**Exercise prompt**
Beginning with the line that has "Cathedral; Lima Peru South America Trips" and ending with the line that has "51-430 (NS60) Delkor Battery", retype the entries below exactly, except for the pictures.

**Entries shown**
###
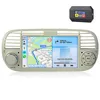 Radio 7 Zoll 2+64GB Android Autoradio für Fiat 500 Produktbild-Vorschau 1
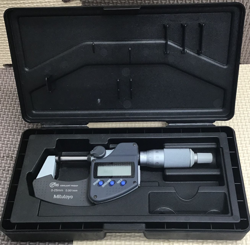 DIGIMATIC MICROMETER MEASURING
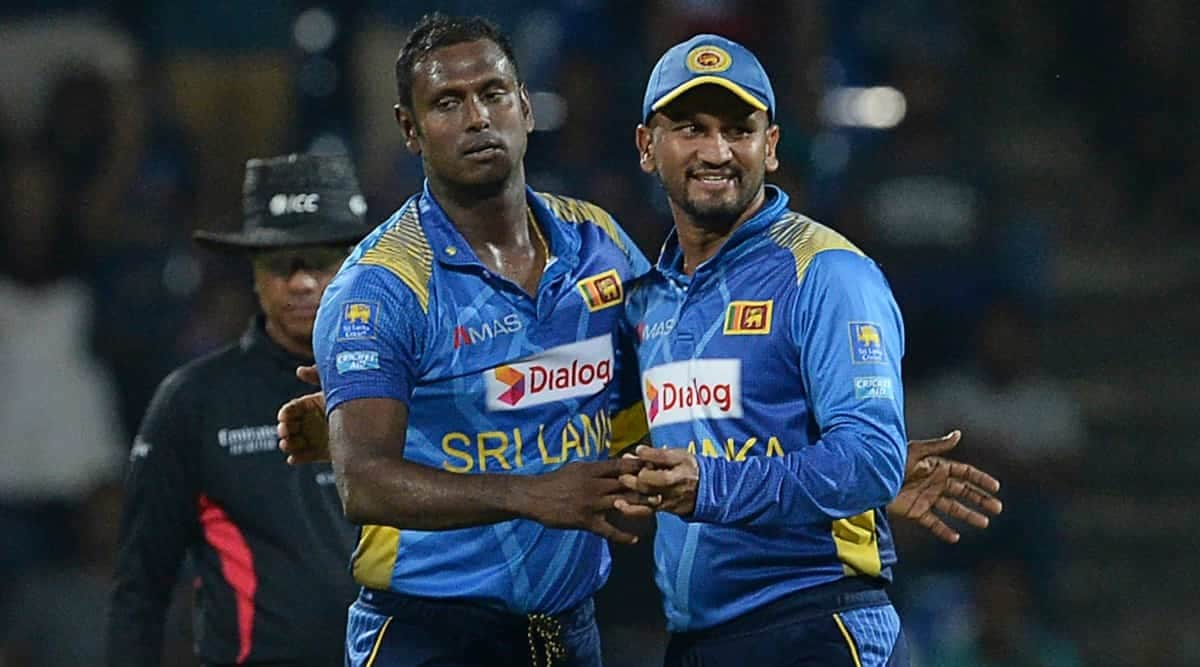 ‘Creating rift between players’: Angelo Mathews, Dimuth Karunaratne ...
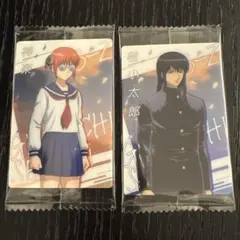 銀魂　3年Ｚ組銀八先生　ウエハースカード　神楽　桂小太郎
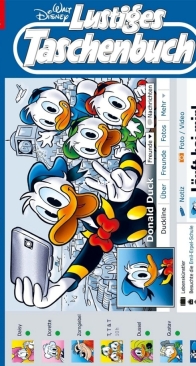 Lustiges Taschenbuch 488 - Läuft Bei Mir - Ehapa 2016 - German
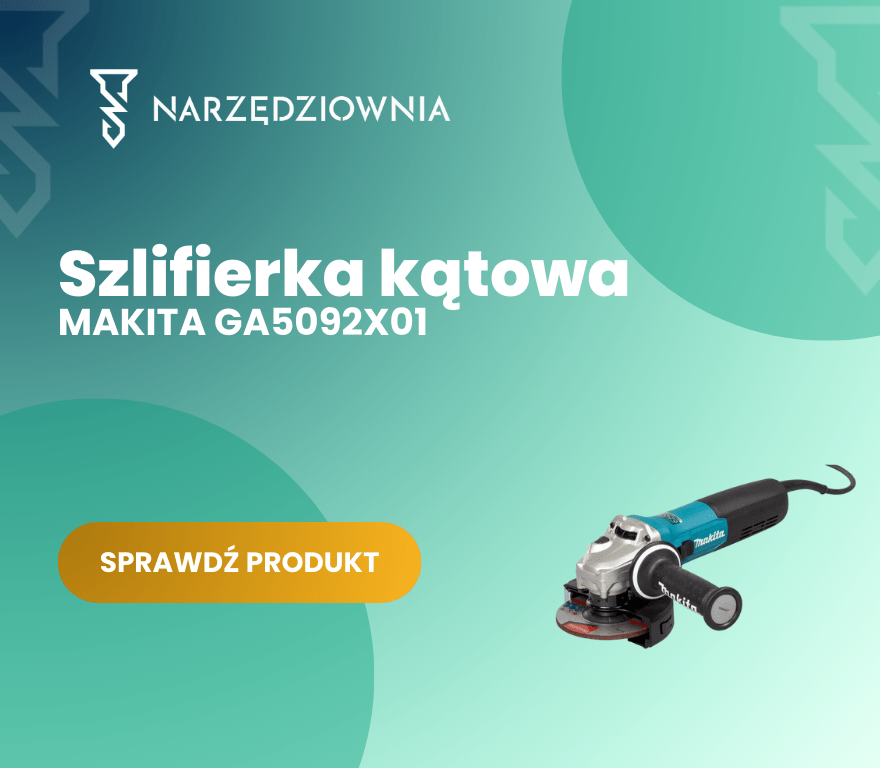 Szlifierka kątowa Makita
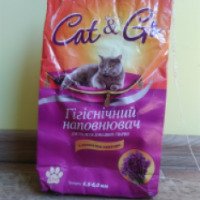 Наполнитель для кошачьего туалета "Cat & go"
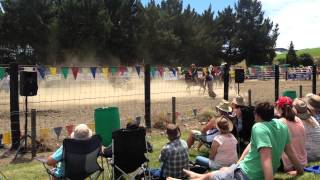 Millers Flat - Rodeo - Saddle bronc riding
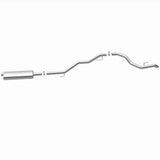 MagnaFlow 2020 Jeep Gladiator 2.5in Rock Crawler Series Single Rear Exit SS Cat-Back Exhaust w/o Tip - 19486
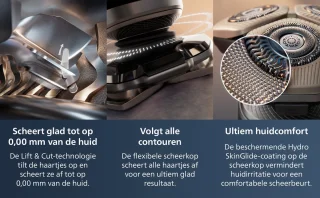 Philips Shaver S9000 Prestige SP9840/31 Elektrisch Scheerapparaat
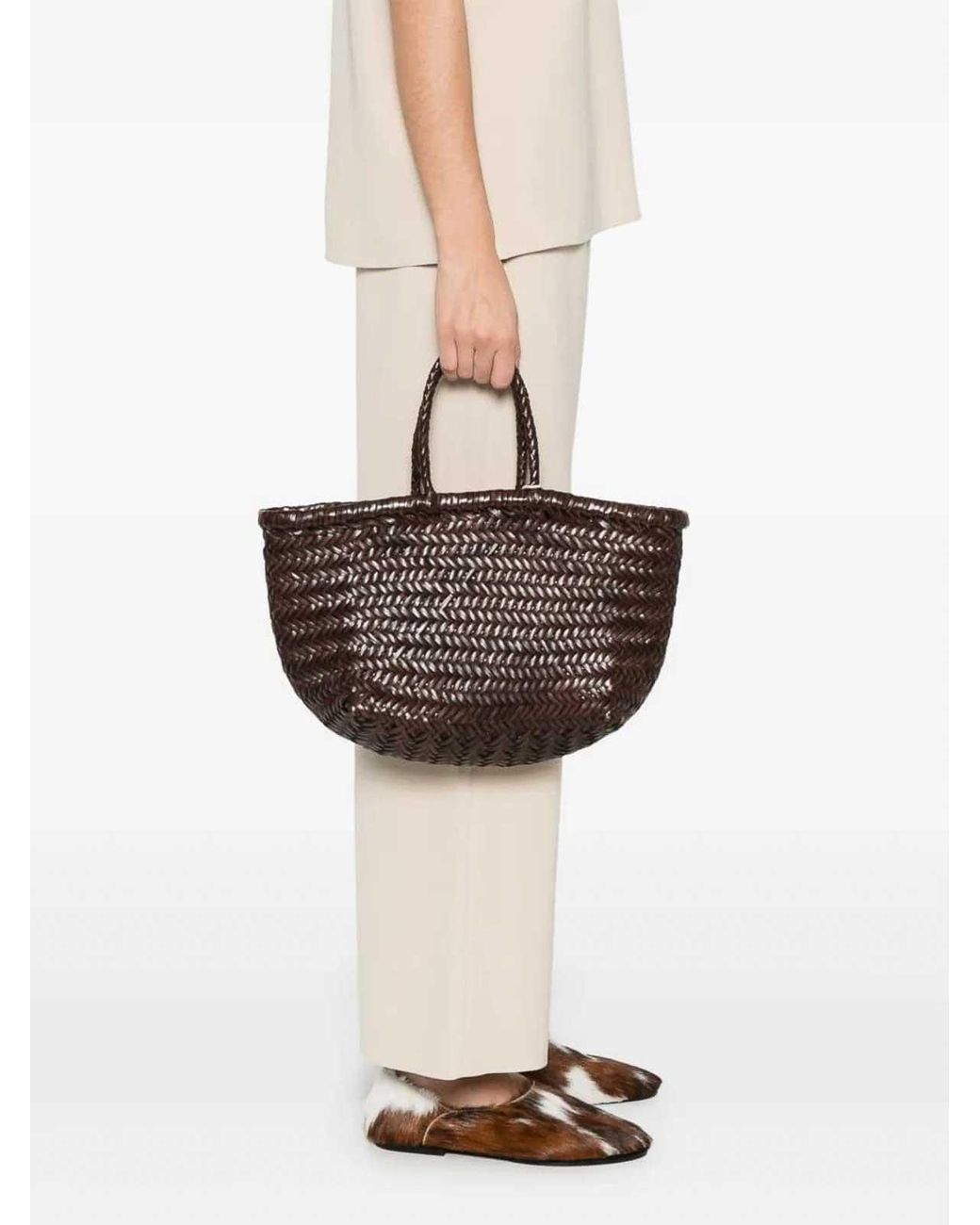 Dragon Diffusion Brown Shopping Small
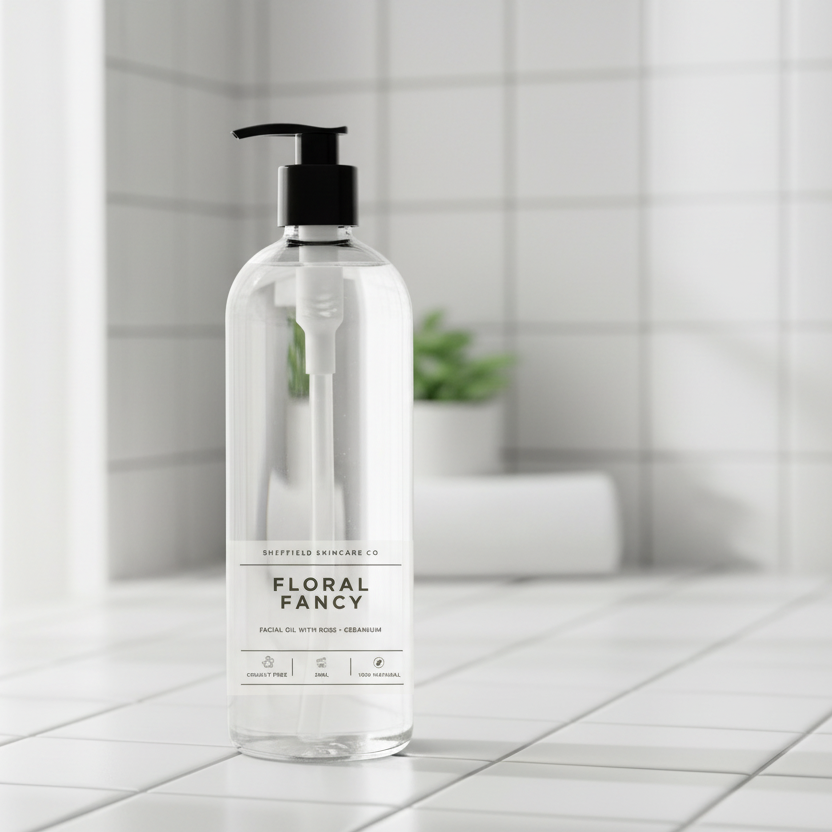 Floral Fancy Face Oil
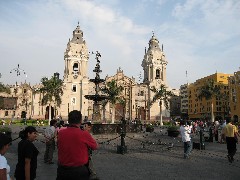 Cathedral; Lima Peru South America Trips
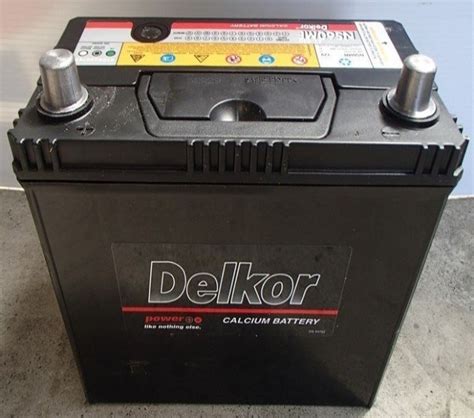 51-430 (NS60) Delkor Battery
###
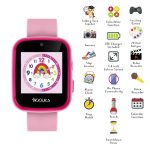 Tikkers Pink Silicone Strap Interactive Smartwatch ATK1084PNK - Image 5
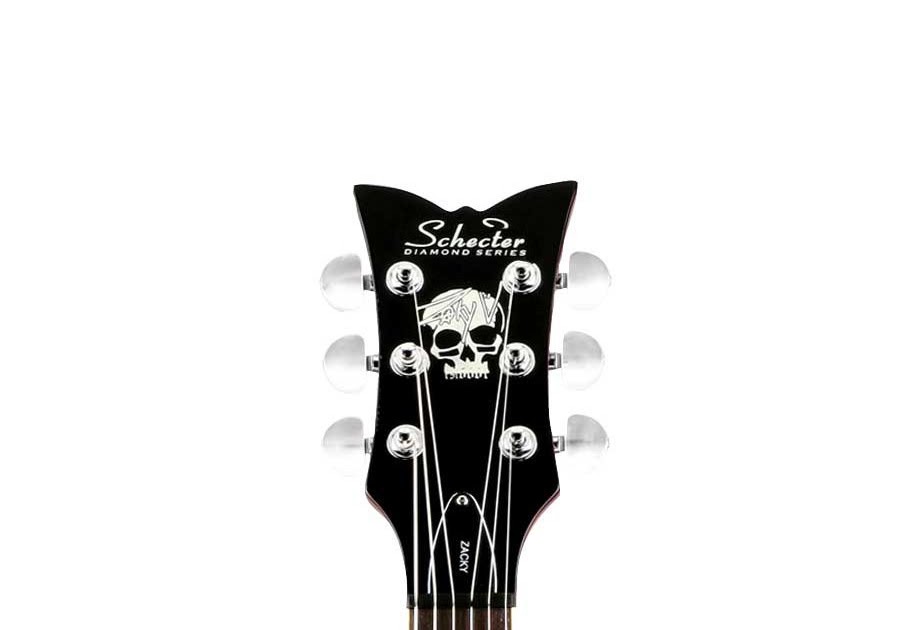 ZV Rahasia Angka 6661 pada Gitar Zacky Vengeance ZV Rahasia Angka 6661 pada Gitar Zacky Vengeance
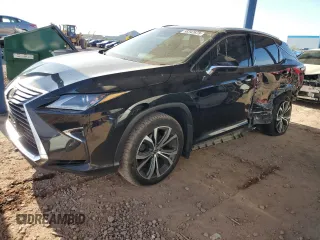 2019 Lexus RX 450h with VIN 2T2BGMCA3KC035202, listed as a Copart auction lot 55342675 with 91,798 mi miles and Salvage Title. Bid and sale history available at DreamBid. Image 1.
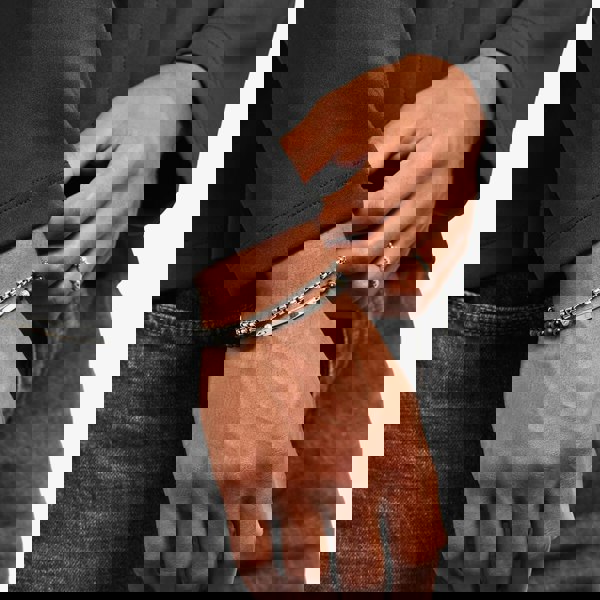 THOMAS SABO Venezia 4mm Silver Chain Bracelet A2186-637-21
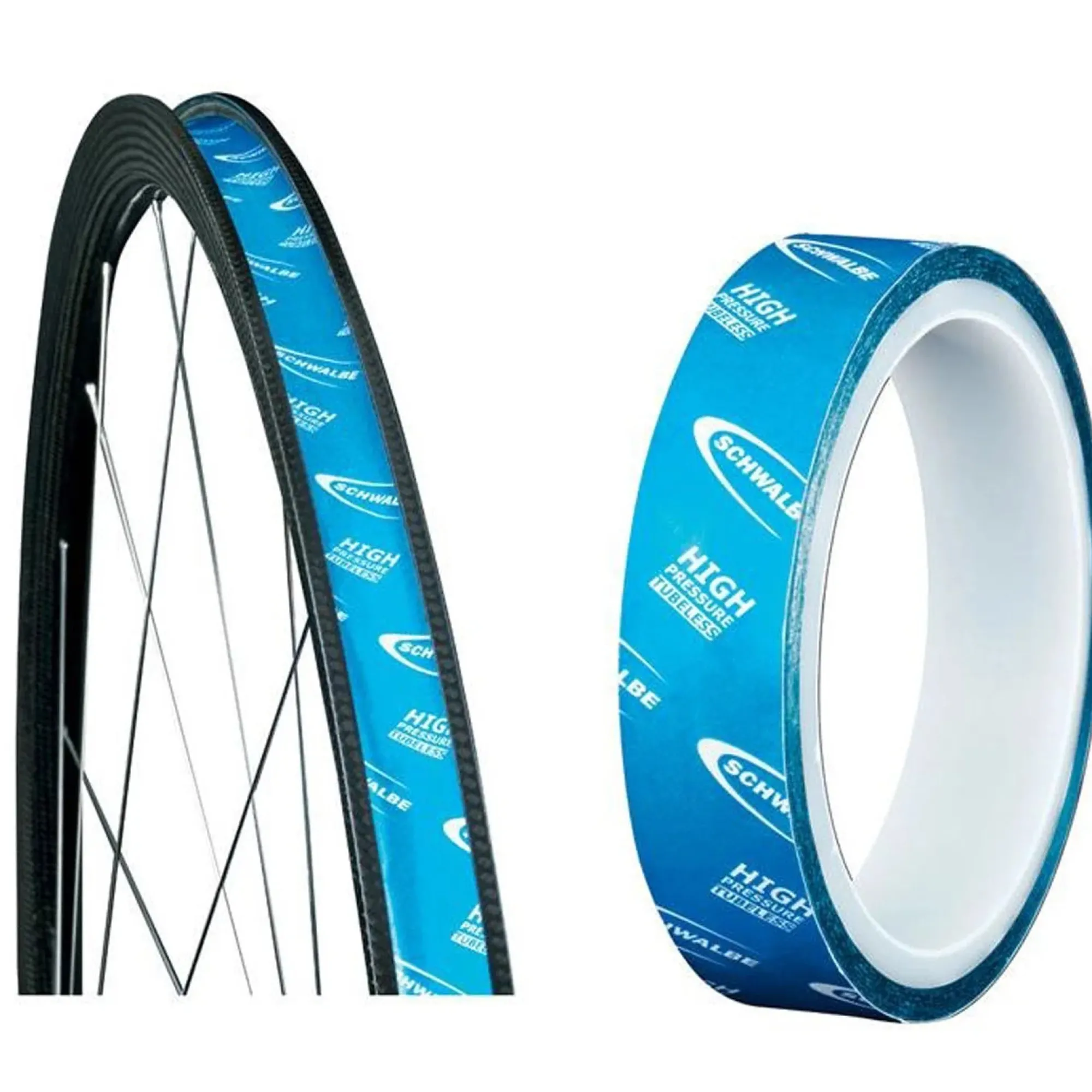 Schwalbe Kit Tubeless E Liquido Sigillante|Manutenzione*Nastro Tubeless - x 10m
###
**Your solution**
 Cathedral; Lima Peru South America Trips
 51-430 (NS60) Delkor Battery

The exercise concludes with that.